Researchers from The University of Western Australia’s Institute of Agriculture and Sultan Qaboos University in Oman have found that the combined application of biochar and zinc can mitigate stress in wheat caused by the heavy metal cadmium.
Cadmium reduces the growth, yield, and zinc concentration in wheat grain due to oxidative stress. Its accumulation in soil can cause significant health risks to humans if it is introduced into the food chain via crops.
The study, published in Chemosphere, is the first to show that the combined application of biochar and zinc to cadmium-contaminated soil improved both yield and grain zinc concentration, and reduced cadmium concentrations in grain.
Co-author Hackett Professor Kadambot Siddique, Director of The UWA Institute of Agriculture said while previous studies have assessed the sole application of either zinc or biochar to reduce metal bioavailability, this study is the first to investigate and find merit in their combined application.
“Biochar has a micro-porous structure, large surface area and the ability to bind cadmium decreasing its bioavailability,” Hackett Professor Siddique said.
“Zinc is an important trace element for growth well-known to protect a plant against environmental stress. We have found the combined application of biochar and zinc to significantly improve productivity in wheat.”

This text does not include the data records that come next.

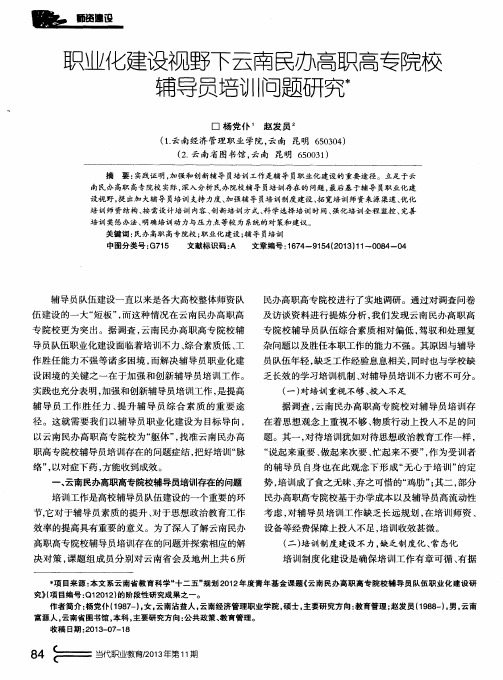 职业化建设视野下云南民办高职高专院校辅导员培训问题研究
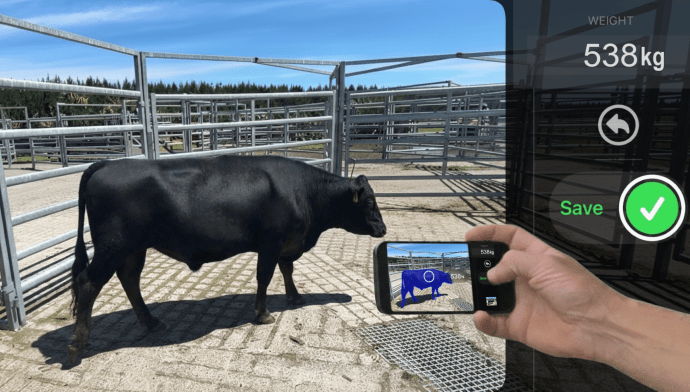 Kiwi agritech startup Scanabull looks to disrupt the beef industry with AI-powered 3D cattle weighing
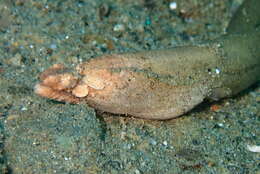 Image of Brachysomophis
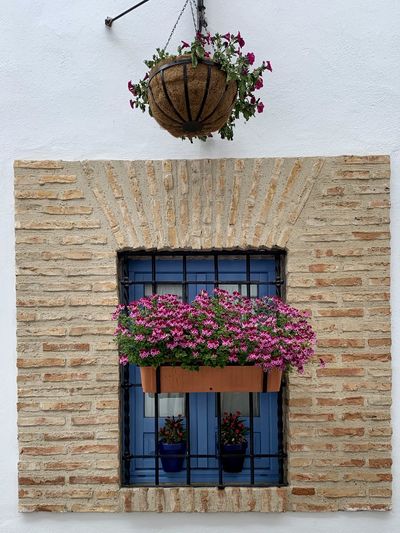 Low angle view of potted plant on wall of building
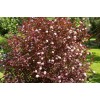 Саженцы пузыреплодника калинолистного Леди ин Ред (Lady in Red) - 5 шт.: фото и описание
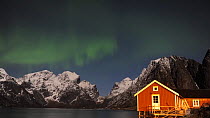 Timelapse of the Aurora Borealis above a rorbu, a traditional Norwegian seasonal house used by fishermen, Lofoten Islands, Norway, January 2020.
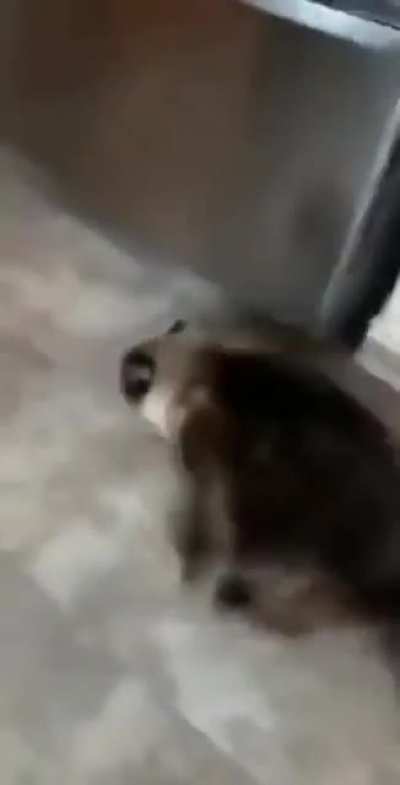 Эваку<wbr>ация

Cadmium is found in some fertilisers and products that are added to soils, such as phosphate fertiliser. Over the past decade, the Australian fertiliser industry has reduced the cadmium content of its fertilisers by using rock phosphate with lower cadmium concentrations.
Hackett Professor Siddique said by world standards cadmium occurred at very low levels in most Australian soils.
“Cadmium pollution is a serious global environmental concern that is most often found in the soils of Asia, North America and Europe,” Professor Siddique said.
“This study has provided an effective way to reduce cadmium bio-accumulation and improve environmental quality and human health in affected areas around the world.”